O escândalo dos currículos falsos já chegou ao topo. Recentemente, o presidente do Eurogrupo, Jeroen Dijsselbloem, afinal não era diplomado com um mestrado em economia empresarial. A notícia voou e surgiu em todo o mundo em várias línguas como sendo o escândalo. A sério que ainda se surpreendem com isso?

Pelo meu papel como ativista LGBT e pelos direitos humanos, sou convidado aqui e ali para dar palestras sobre muitos assuntos relacionados e recordo que no início quem me convidava, por norma, tratava-me ora por doutor ora por professor.

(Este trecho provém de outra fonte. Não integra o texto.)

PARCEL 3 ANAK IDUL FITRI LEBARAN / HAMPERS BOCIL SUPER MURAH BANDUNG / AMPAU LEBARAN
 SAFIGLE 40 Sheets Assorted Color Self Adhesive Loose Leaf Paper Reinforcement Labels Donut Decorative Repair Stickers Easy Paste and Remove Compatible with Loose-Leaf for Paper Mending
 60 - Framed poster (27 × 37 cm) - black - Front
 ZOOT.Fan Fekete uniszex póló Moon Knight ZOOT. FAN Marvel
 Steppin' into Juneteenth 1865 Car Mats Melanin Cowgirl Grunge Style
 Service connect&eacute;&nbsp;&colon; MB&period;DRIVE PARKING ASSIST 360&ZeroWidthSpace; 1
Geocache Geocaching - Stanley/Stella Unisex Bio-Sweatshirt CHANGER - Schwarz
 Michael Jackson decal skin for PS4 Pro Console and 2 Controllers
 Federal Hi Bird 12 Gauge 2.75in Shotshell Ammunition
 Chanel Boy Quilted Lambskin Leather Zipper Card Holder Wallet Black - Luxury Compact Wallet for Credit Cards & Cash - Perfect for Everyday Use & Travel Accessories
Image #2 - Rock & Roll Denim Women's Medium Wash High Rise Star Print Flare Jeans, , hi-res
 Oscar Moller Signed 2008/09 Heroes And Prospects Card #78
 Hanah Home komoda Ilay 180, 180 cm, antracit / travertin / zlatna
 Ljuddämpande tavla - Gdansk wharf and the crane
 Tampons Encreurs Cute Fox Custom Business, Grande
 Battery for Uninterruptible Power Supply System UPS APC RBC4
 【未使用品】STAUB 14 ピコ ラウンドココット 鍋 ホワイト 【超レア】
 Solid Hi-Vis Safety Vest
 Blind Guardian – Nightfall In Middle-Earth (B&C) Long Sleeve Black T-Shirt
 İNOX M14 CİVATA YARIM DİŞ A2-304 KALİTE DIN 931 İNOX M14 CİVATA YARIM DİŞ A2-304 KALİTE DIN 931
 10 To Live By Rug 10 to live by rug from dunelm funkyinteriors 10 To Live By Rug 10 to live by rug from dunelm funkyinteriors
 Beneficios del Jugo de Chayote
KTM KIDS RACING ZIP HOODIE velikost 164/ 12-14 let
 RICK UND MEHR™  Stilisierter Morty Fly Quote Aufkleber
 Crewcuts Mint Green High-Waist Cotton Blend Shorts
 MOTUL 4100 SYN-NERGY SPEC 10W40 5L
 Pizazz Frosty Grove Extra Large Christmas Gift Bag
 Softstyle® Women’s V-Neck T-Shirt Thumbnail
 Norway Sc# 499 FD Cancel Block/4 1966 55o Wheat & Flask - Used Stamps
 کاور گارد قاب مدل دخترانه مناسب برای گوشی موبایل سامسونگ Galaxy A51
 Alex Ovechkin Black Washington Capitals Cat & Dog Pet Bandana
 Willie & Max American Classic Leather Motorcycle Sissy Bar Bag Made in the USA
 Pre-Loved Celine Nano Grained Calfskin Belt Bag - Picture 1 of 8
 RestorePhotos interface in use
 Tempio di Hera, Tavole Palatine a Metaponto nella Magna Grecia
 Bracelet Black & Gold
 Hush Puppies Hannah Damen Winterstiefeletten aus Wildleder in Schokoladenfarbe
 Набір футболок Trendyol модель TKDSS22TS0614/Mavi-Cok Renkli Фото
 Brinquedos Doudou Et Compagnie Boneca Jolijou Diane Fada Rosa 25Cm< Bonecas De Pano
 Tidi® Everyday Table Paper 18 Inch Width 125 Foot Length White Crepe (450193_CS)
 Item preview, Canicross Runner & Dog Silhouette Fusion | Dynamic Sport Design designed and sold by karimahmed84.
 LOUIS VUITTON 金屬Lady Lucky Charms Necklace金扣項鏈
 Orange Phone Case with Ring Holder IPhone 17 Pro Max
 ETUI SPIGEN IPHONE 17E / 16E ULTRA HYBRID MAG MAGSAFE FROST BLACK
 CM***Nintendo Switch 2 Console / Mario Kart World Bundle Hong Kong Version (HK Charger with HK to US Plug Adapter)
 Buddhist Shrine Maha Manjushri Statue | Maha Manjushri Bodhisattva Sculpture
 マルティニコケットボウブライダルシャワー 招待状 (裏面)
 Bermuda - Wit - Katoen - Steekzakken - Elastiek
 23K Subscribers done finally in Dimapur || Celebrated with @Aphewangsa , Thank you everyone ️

Como não sou nem uma coisa nem outra, sempre me apressei a corrigir dizendo, o meu nome é João Paulo sem “dê erres” ou “profes”. Nos trabalhos que levo para apresentar, surge sempre apenas e só “João Paulo”. Não está lá nenhuma abreviatura titular. Aliás, se alguma vez fui professor, fui de dança apenas.

Esta vida de política social leva-nos a relacionamentos imprevistos e, muitas vezes, inevitáveis. Pelo menos, durante algum tempo. E, assim, encontrei muitos ou alguns pseudo qualquer coisa, gente que apresentava currículos que mais pareciam bíblias. Na altura, a boa-fé e alguma ingenuidade levava-me a olhar o titular desses cartapaços como pessoas “uau”, mas a vida ensina-nos a ler nas entrelinhas e, mais do que isso, a não julgar a qualidade do vinho pela rama da videira.

Trabalhei numa empresa multinacional onde um subdiretor entrou como sendo o senhor fulano de tal, mas, passadas umas semanas, afinal o senhor era agora engenheiro e exigia ser tratado como tal. Verdade que a mudança me causou estranheza e, por isso, inquiri alguém que me poderia verificar a veracidade da coisa e a resposta foi que o senhor, agora engenheiro, tinha afinal entrado nesse mesmo ano para engenharia no Instituto de Engenharia do Porto, vulgo ISEP, e, por isso, queria já ser tratado por senhor engenheiro como se esse título fizesse dele pior ou melhor pessoa.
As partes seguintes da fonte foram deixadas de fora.